Most information retrieval software that is currently available
follows Luhn's assumption: the frequency of word occurrence in an article
furnishes a useful measurement of word significance.
There are a few pitfalls though:
- Words that occur very often, (and in almost all documents,) are
useless. Words that are very rare also have a low discriminating power.
- Suffixes must be stripped. But beware: the suffix "ual" may be
removed from "factual", but not from "equal". Determining the right
context for removing a suffix is difficult.
- Words must be stemmed. Two words like "absorb" and "absorpt"

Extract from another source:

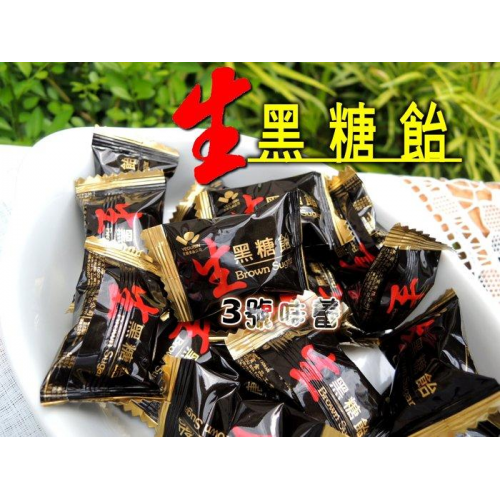 ∣糖果系列∣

have the same stem, and are thus equivalent. But beware: words like
"neutron" and "neutralize" also have the same stem, but are not equivalent.
- A thesaurus of synonyms may be used. But with words having several
meanings, another word may be a synonym for one meaning of the word but
not of the other.
- When searching for several words, the user may find one word more
important than another, while the system would rank them differently
because of their discriminating power.
Stripping, stemming and looking for synonyms must be done both on the
words in the search string and on the words in the documents.
The figure below (taken from Rijsbergen's book) shows a plot of the
hyperbolic curve relating the frequency of occurrence of words to their
rank order. Words that occur very frequently (more than the upper cut-off)
are not useful for discriminating relevant from non-relevant documents.
Words that occur in very few documents are also not very useful for most
queries. (Not many queries will ask for them.)